» **GOAL OF THE EXERCISE**:
Once the pictures are removed, restate the listing word for word.

» **DATA BELOW**:
==================================================

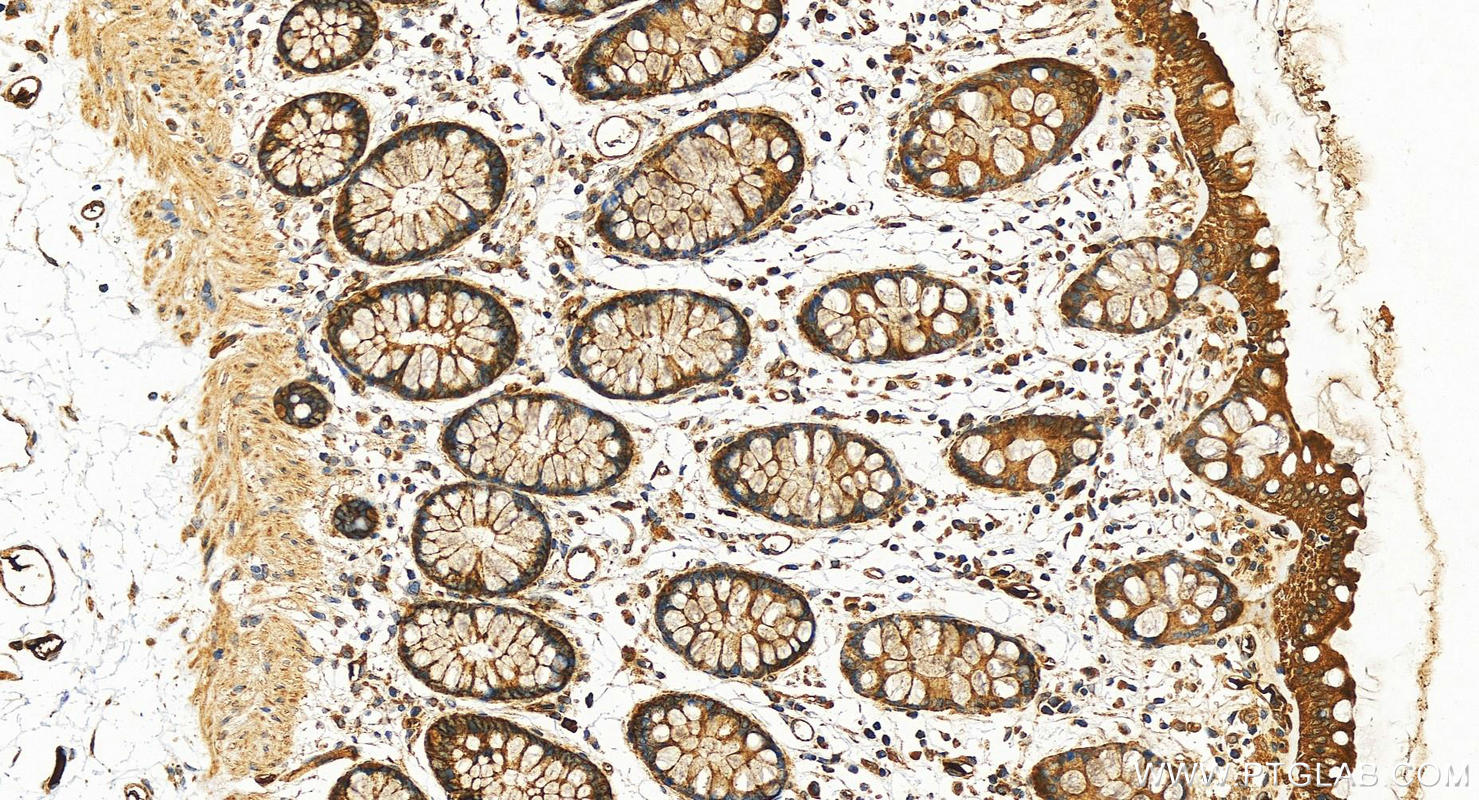 Immunohistochemistry (IHC) staining of human colon tissue using DAP3 Polyclonal antibody (10276-1-AP)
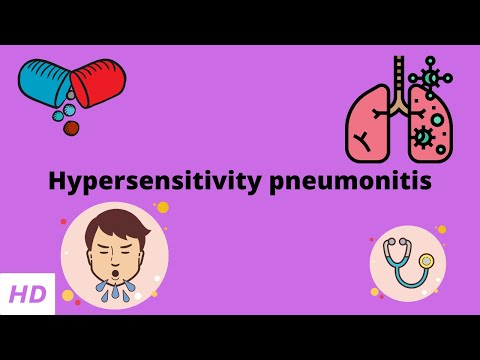 Nasal and Paranasal Tumors Causes Signs and Symptoms Diagnosis and Treatment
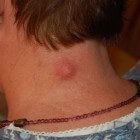Bultjes in nek: oorzaken knobbeltje of bult in nek of hals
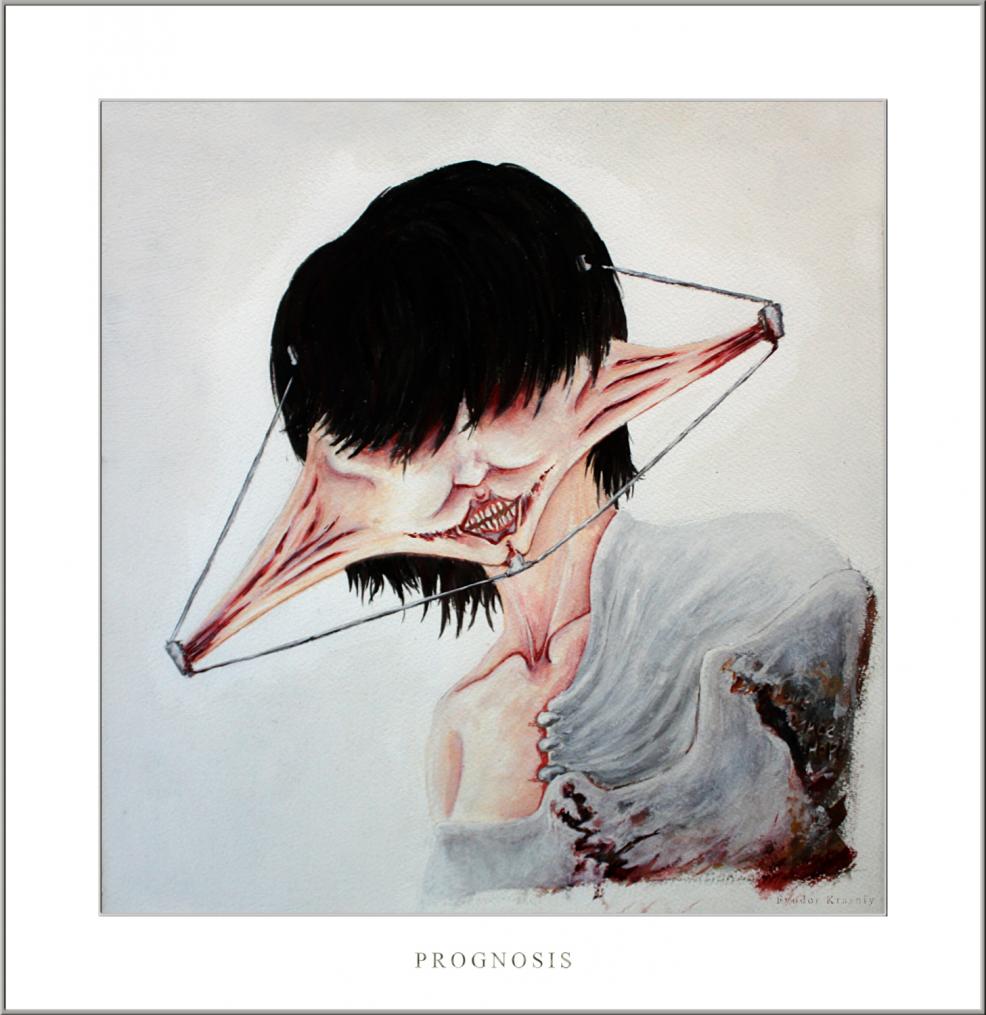 Prognosis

==================================================

» **YOUR SOLUTION**:
 Immunohistochemistry (IHC) staining of human colon tissue using DAP3 Polyclonal antibody (10276-1-AP)
 Nasal and Paranasal Tumors Causes Signs and Symptoms Diagnosis and Treatment
Bultjes in nek: oorzaken knobbeltje of bult in nek of hals
 Prognosis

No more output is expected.